(Data extracted from a collection)
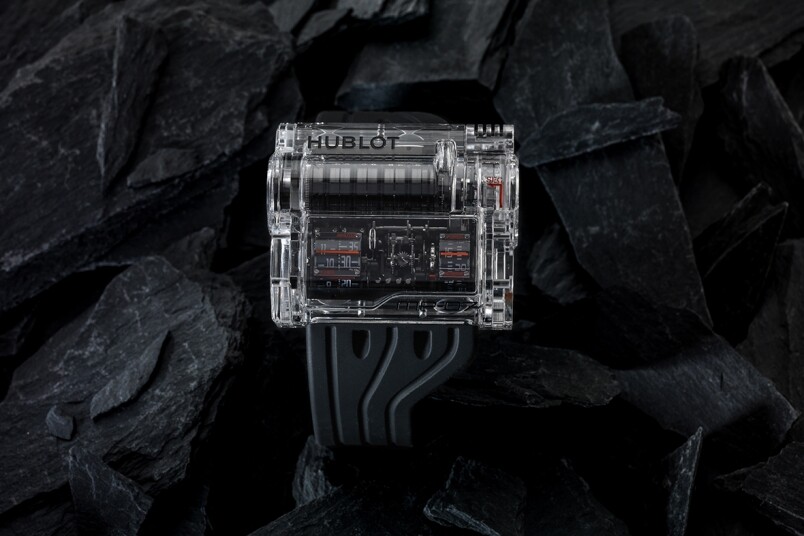 戴上法拉利？ Hublot推出MP-07 40日链陀飞轮腕表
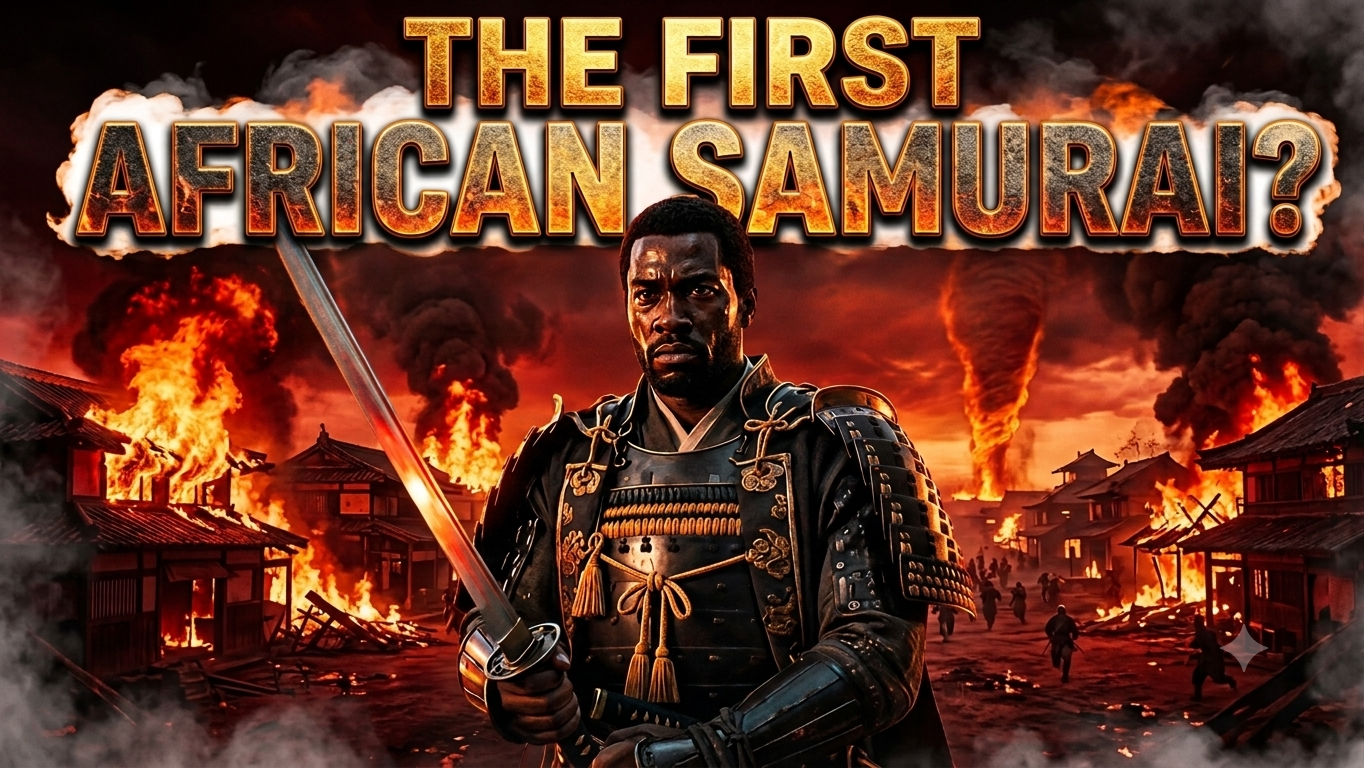 Yasuke: The First African Samurai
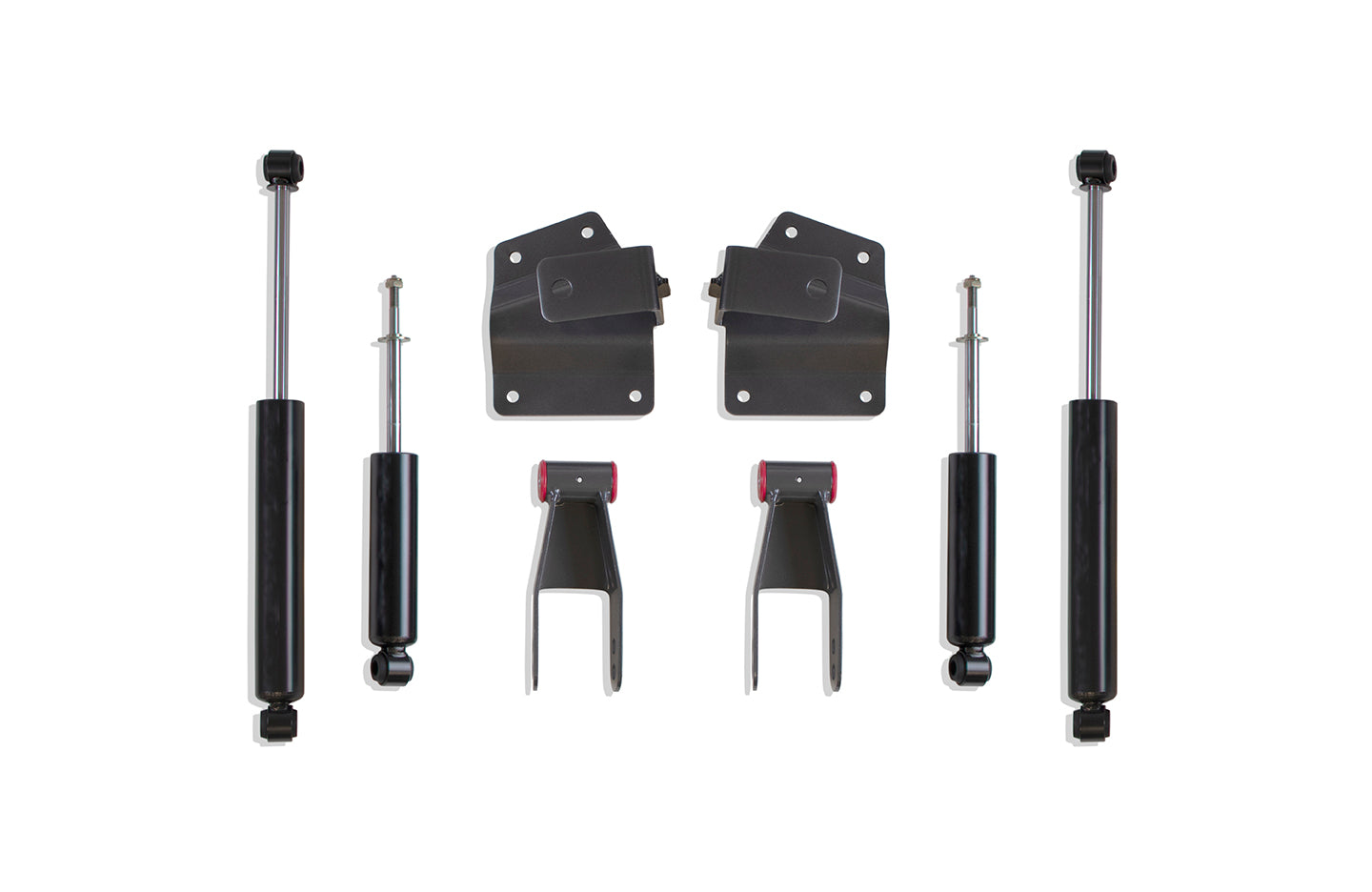 MaxTrac Suspension 1999-2006 Chevrolet Silverado 1500 GMC Sierra 1500 2WD 4WD 4" Drop Height Rear Lowering Box Kit 200940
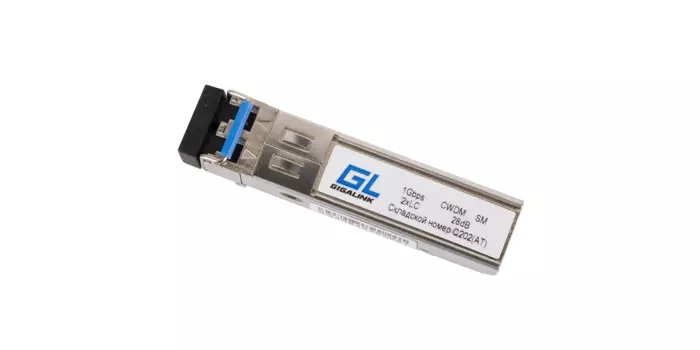 Модуль SFP Nikomax (Gigalink), LC, Tx:1610 нм, 1 Гбит/с, SM, двойной, DDM (GL-OT-SG28LC2-1610-CWDM)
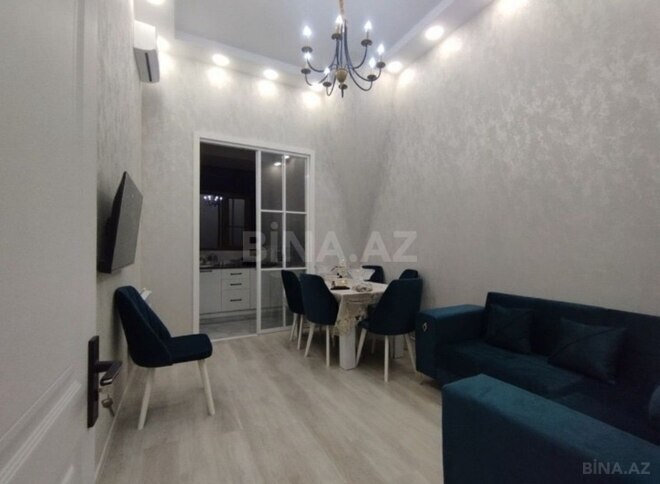 Satılır 2 otaqlı yeni tikili 55 m², Əhmədli m., photo 1 from 13
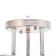 Amelia chandelier 3x60W E27 Beloma 46x46x22cm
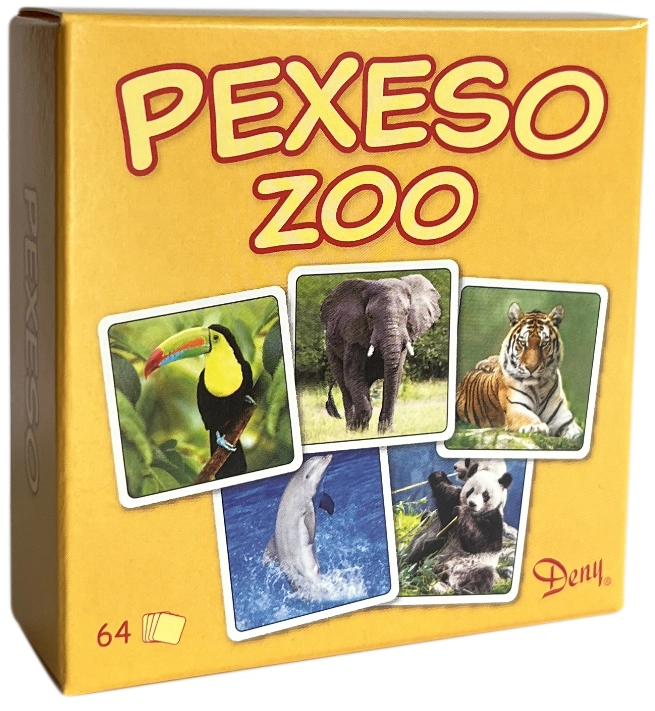 Levně Pexeso Zoo v krabičce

What the exercise asks = While skipping the pictures, transcribe the data above from the line showing "Yasuke: The First African Samurai" through the line showing "Модуль SFP Nikomax", exactly and with both ends.

Output of the exercise =
 Yasuke: The First African Samurai
 MaxTrac Suspension 1999-2006 Chevrolet Silverado 1500 GMC Sierra 1500 2WD 4WD 4" Drop Height Rear Lowering Box Kit 200940
 Модуль SFP Nikomax (Gigalink), LC, Tx:1610 нм, 1 Гбит/с, SM, двойной, DDM (GL-OT-SG28LC2-1610-CWDM)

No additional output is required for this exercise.